> **Stored data**
--*--

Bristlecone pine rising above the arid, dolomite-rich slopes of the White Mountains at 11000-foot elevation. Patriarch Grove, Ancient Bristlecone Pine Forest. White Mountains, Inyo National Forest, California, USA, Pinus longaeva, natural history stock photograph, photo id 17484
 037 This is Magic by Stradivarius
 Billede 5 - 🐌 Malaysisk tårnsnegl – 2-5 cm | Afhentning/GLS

--*--

> **Work instructions**
Could you please copy the lines of the listing above exactly, from its first line through the line bearing "037 This is Magic by Stradivarius", and nothing more?

> **Completed task**
Bristlecone pine rising above the arid, dolomite-rich slopes of the White Mountains at 11000-foot elevation. Patriarch Grove, Ancient Bristlecone Pine Forest. White Mountains, Inyo National Forest, California, USA, Pinus longaeva, natural history stock photograph, photo id 17484
 037 This is Magic by Stradivarius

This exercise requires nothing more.